* _Work item_
Whatever lies between the line with "Paket B Kue Kering Lebaran (Isi 6) Diskon" and the end of the data, both included, must be copied exactly and without pictures.

* _The data_
****************
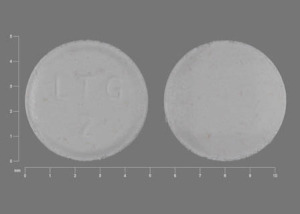 Lamictal (chewable) 2 mg LTG 2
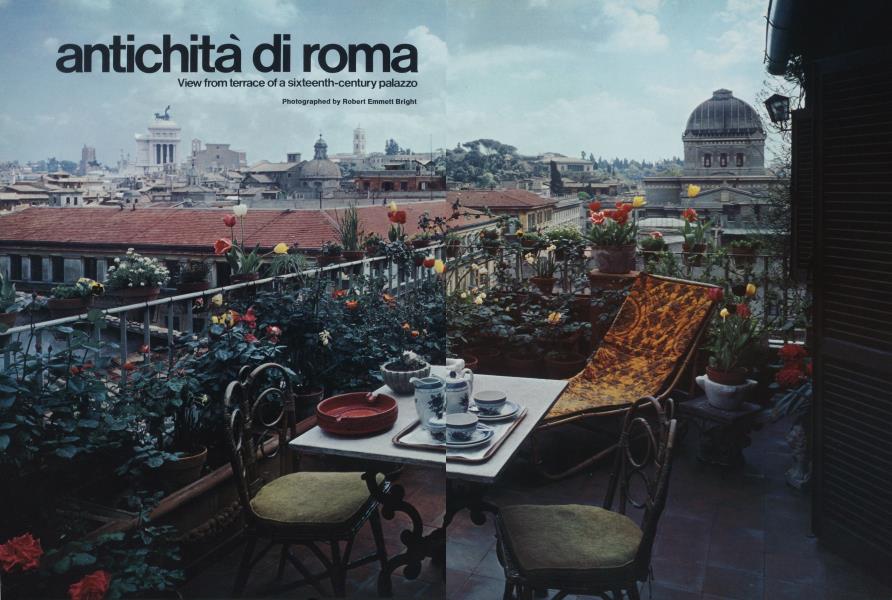 Antichità Di Roma —View From Terrace of a Sixteenth-Century Palazzo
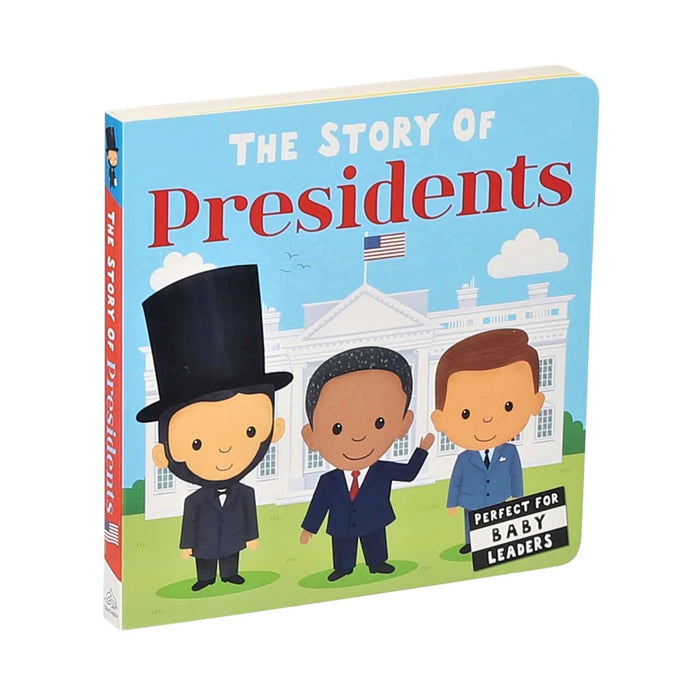 The Story of Presidents Board Book - SIMON & SCHUSTER - The Shops at Mount Vernon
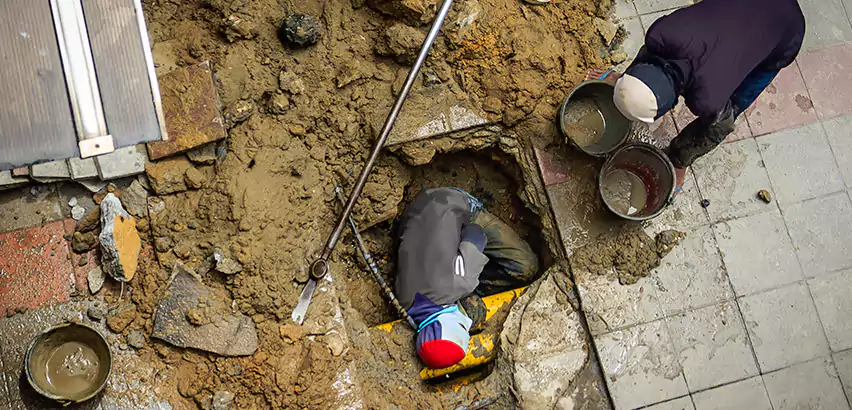 Professional Trenchless Pipe Repair Services in Coppell, TX.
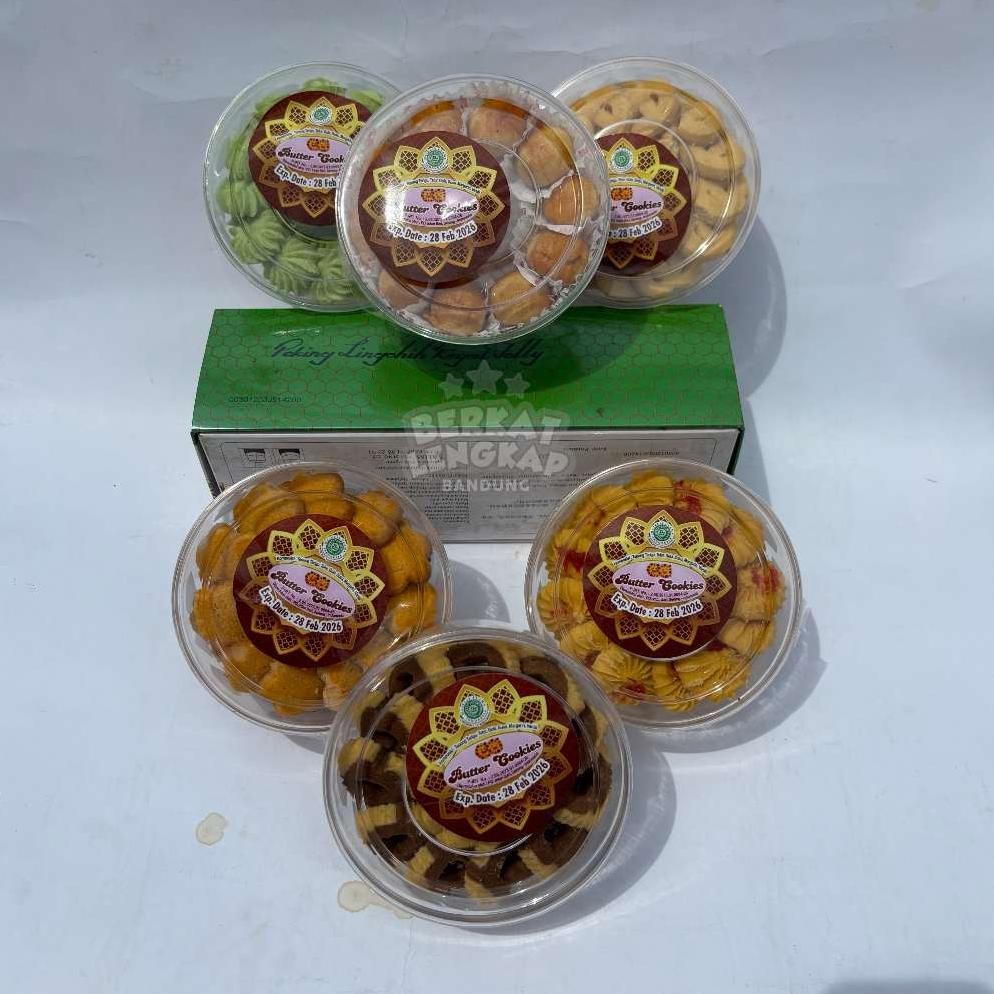 

Paket B Kue Kering Lebaran (Isi 6) Diskon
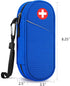 SITHON EpiPen Medical Carrying Case - Insulated Travel Medication Organizer Bag for 2 EpiPens, Asthma Inhaler, Allergy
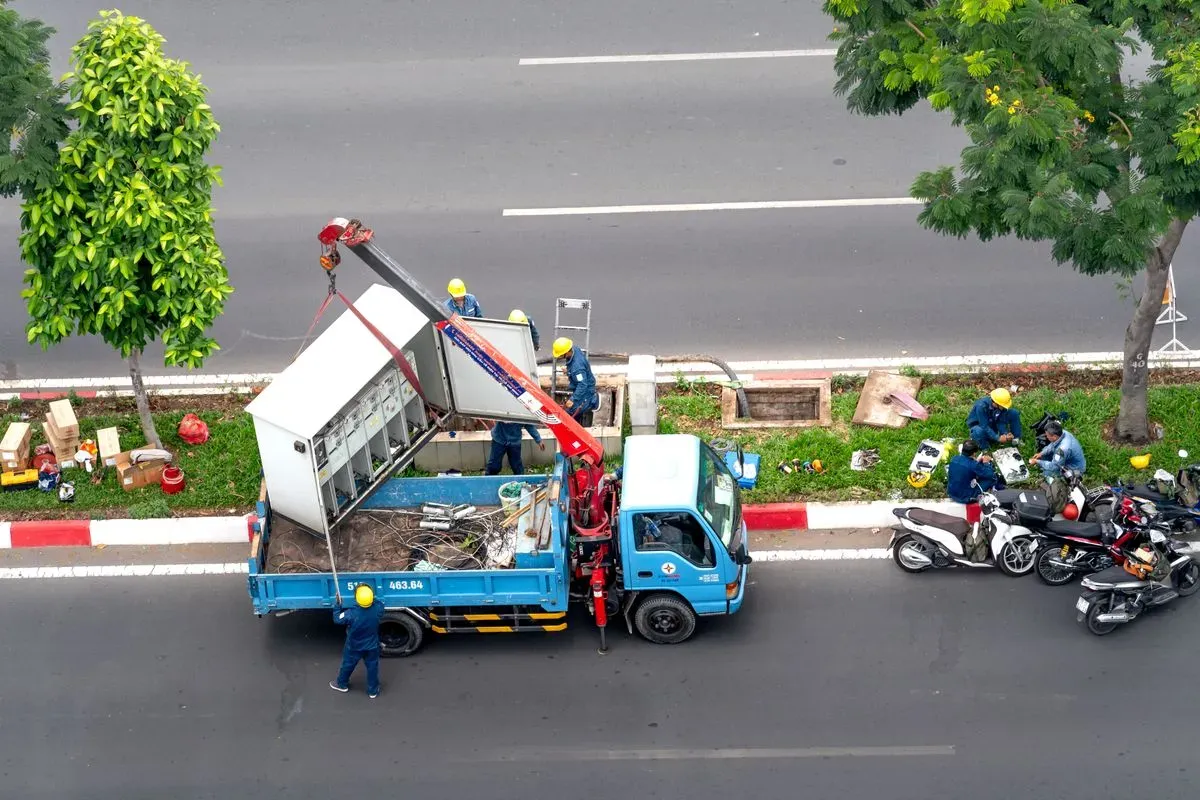 Crane Service in Naperville, IL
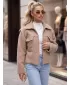 Damenjacke DSTREET 1 TY6105 KARAMELL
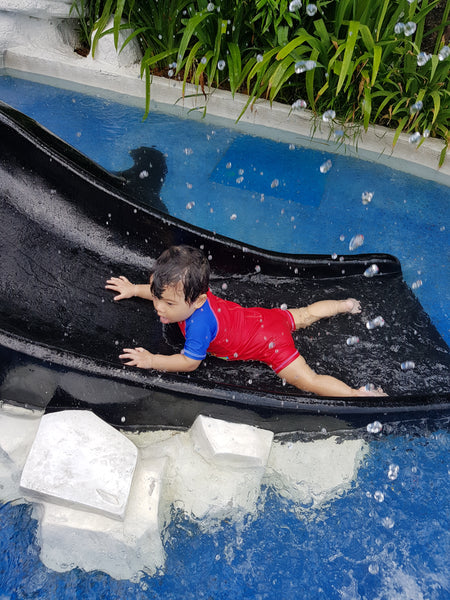 BYKidO Moments: Mummy Leona’s Visit to Tampines One’s Wet Playground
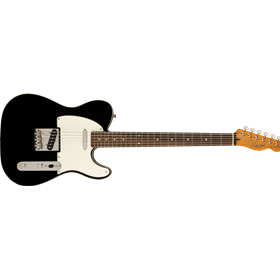 Classic Vibe Baritone Custom Telecaster®, Laurel Fingerboard, Parchment Pickguard, Black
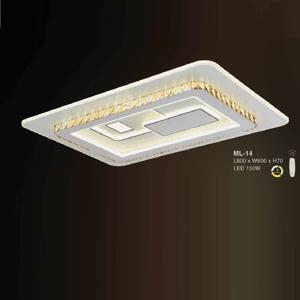 Đèn mâm ốp trần ML 14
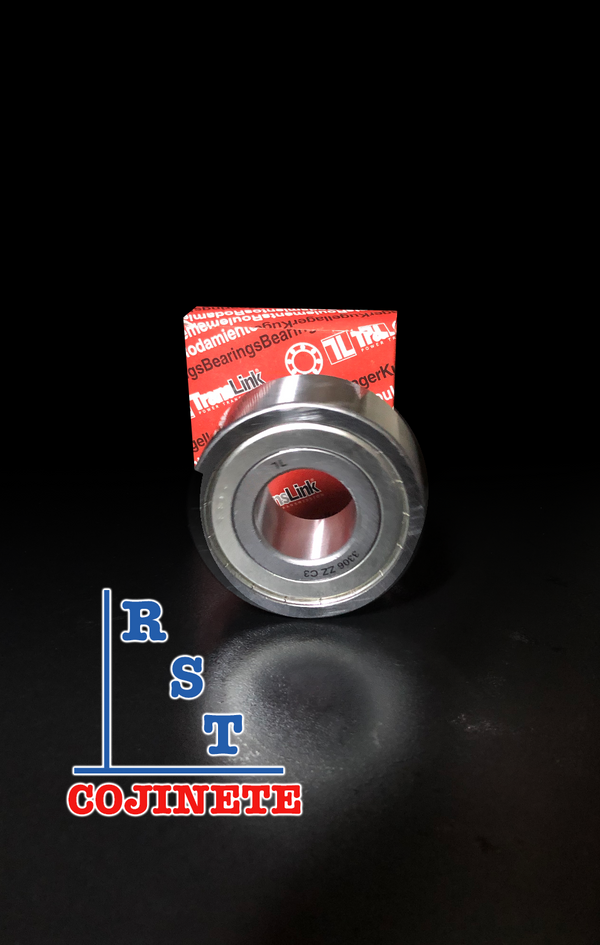 5206-ZZ | Cojinete 30X62X23.8mm doble hilera de bolas con sello de metal - 4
****************
* _Your response_
Paket B Kue Kering Lebaran (Isi 6) Diskon
 SITHON EpiPen Medical Carrying Case - Insulated Travel Medication Organizer Bag for 2 EpiPens, Asthma Inhaler, Allergy
 Crane Service in Naperville, IL
 Damenjacke DSTREET 1 TY6105 KARAMELL
 BYKidO Moments: Mummy Leona’s Visit to Tampines One’s Wet Playground
 Classic Vibe Baritone Custom Telecaster®, Laurel Fingerboard, Parchment Pickguard, Black
 Đèn mâm ốp trần ML 14
 5206-ZZ | Cojinete 30X62X23.8mm doble hilera de bolas con sello de metal - 4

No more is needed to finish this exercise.